Le café d'Oriane arrive. Elle en avale une gorgée avant de reprendre :

— Je ne sais même pas votre nom.

Il l'observe un long moment, puis finit par lancer d'une voix douce et amusée :

— Oh, vous savez, mettre un nom sur mon visage risquerait de gâcher le charme de la rencontre... Mais si vous y tenez, je vous propose de m'appeler Lucifer, pour l'instant.

Oriane ne peut s'empêcher de hausser un sourcil : il n'y a que les mégalomanes pour se donner des pseudonymes pareils. Mais en même temps, ce parfum de mystère lui plait...

— Quoi ? raille-t-elle. Le Diable?

— Non. Le porteur de lumière. »

Dans l'air flotte un mélange d'alcool, de café et de viande qu'on sert dans la partie brasserie de l'établissement. Ça jacasse et ça rit fort. À la table d'à côté, trois hommes et une femme jouent aux cartes sous le regard d'un petit public habitué. Un as de pique vient de tomber, suivie d'une dame et d'un valet de la même couleur : un mauvais présage, diraient les cartomanciens.

Sauf que la jeune femme ignore tout des présages, alors, insensible aux désapprobations des astres, elle se décide à poser la question qui la tourmente depuis leur dernière rencontre :

« Comment est-ce que vous savez ?

Sans même avoir besoin de préciser de quoi elle parle, lui devine immédiatement qu'elle pense à la tragédie passée. Celle qu'il avait évoquée devant la trentenaire, lorsqu'il lui avait parlé pour la première fois.

Il sait quels doutes la tiraillent, mais, loin de chercher à lui ôter de l'esprit cette interrogation-là, il préfère au contraire s'envelopper dans ses secrets :

— Disons que le destin a bien fait les choses et, il y a des mois de cela, nous avons déjà eu l'occasion de nous rencontrer...

— Lors du ...?

La fin de la phrase se bloque dans sa gorge. Voyant qu'elle ne terminera pas sa question, "Lucifer" se voit obligé d'abréger ses balbutiements d'un hochement de tête affirmatif.

— Mais si ce que vous voulez savoir est si j'étais là, alors : oui j'étais là.

La curiosité d'Oriane excitée, celle-ci brûle d'envie de lui poser d'autres questions à ce sujet, d'en savoir plus sur lui, de mieux comprendre ce qu'il faisait ici  à ce moment-là. Elle ne se souvient pas l'avoir vu dans la foule...

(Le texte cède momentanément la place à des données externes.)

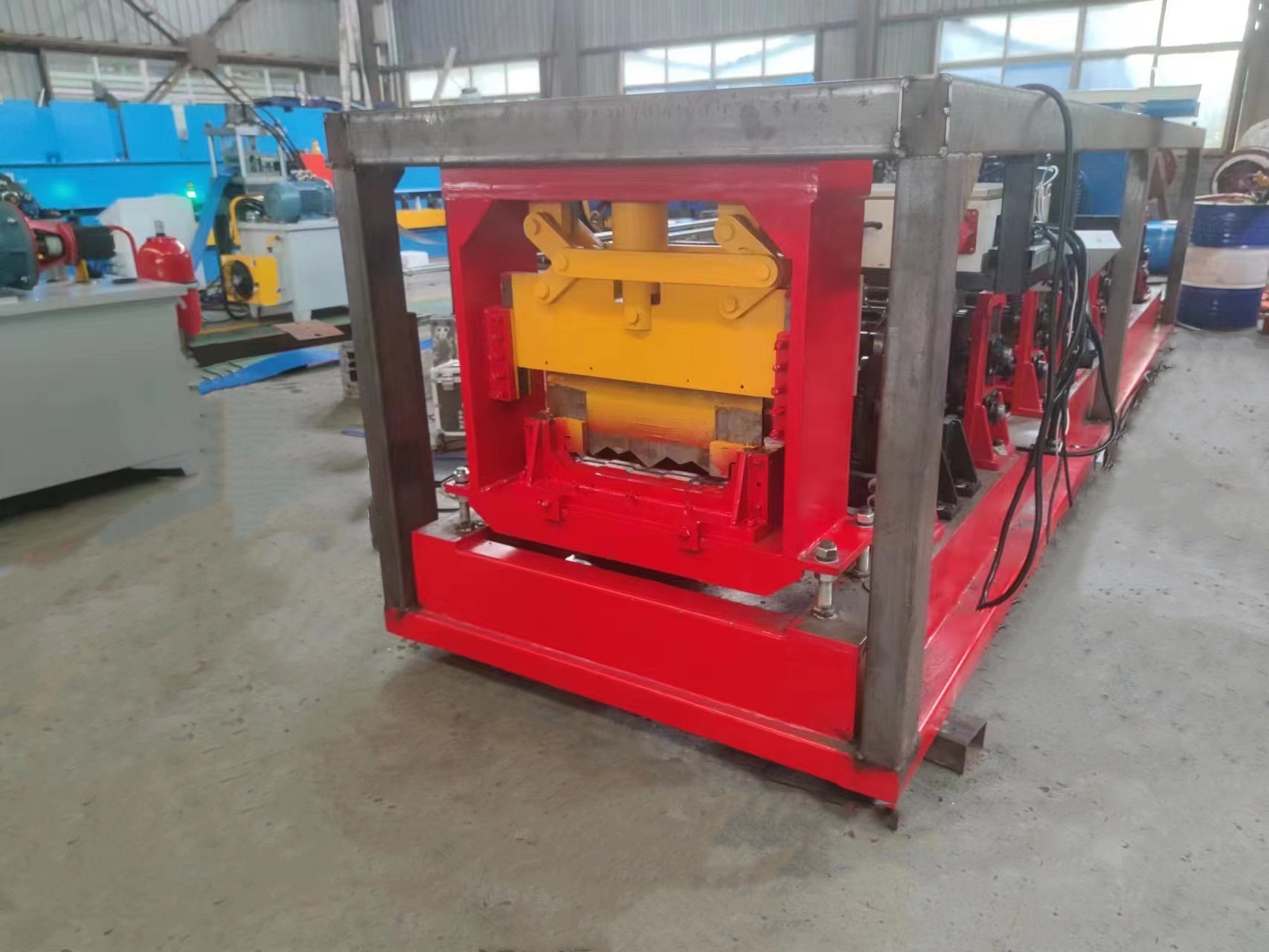 0-12m/min 20-26 Gauge KR18 Portable Beam Standing Roll Forming Machine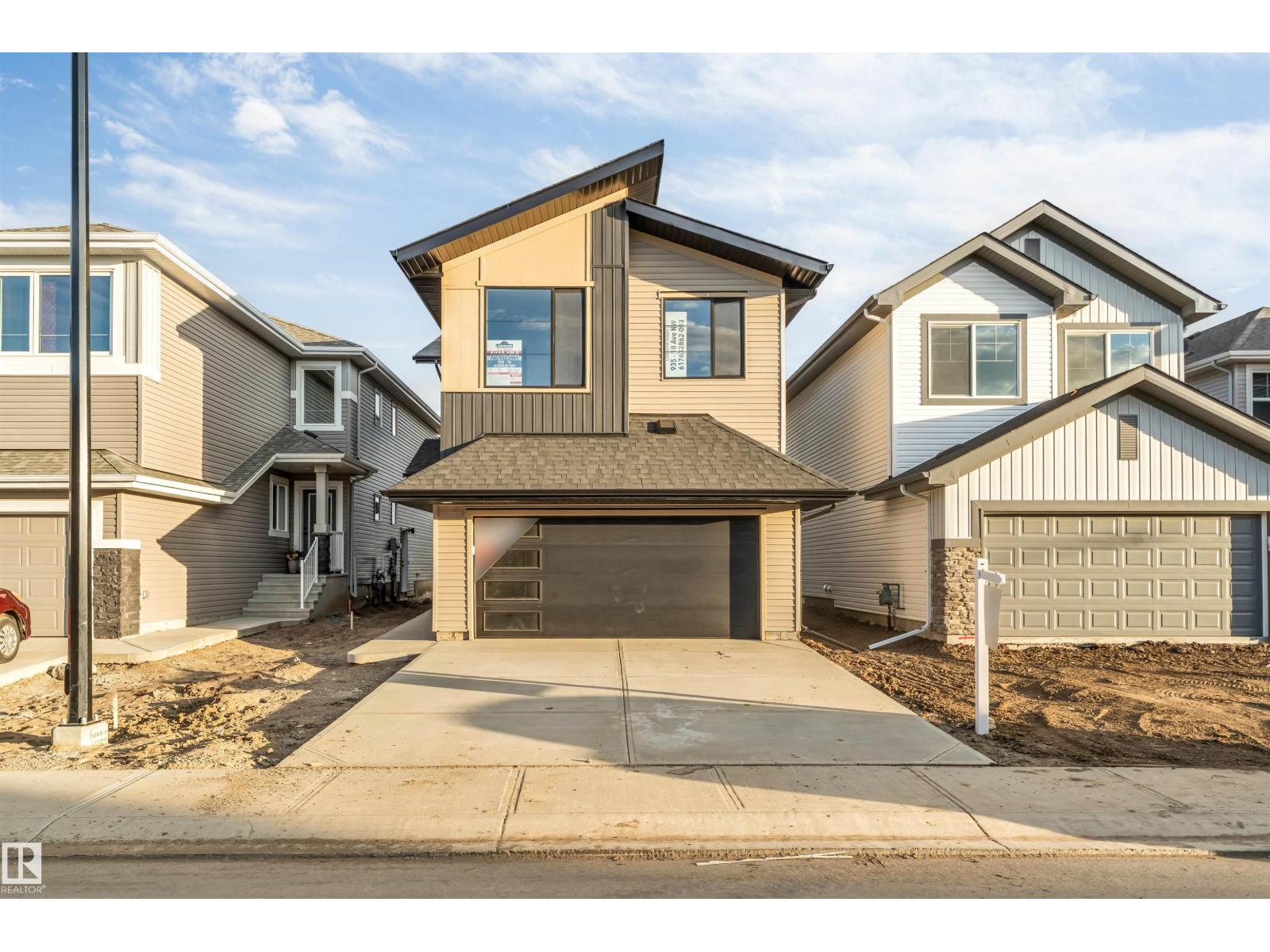 935 18 AV NW, Aster, Edmonton photo 1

Mais déjà son interlocuteur repart sur autre chose:

— C'est étrange, n'est-ce pas ?

— De quoi ?

— D'être ainsi, l'un face à l'autre... Nous ne nous connaissons pas vraiment, mais nous sommes actuellement en train de boire ensemble... »

Hélas, sa déclaration est interrompue net : l'un des trois hommes qui jouaient aux cartes se met à brailler, criant à la tricherie, le poing serré sur la table. Quelques accusations, puis quelques insultes, puis enfin quelques personnes aux comportements pas très différents de ceux d'élèves d'école primaire qui se ramènent pour profiter du spectacle qui débute.

C'est bien connu, l'alcool est inflammable. Et en ce moment-même, c'est le feu de la colère qui grâce aux liquides amers s'embrase : une bataille éclate.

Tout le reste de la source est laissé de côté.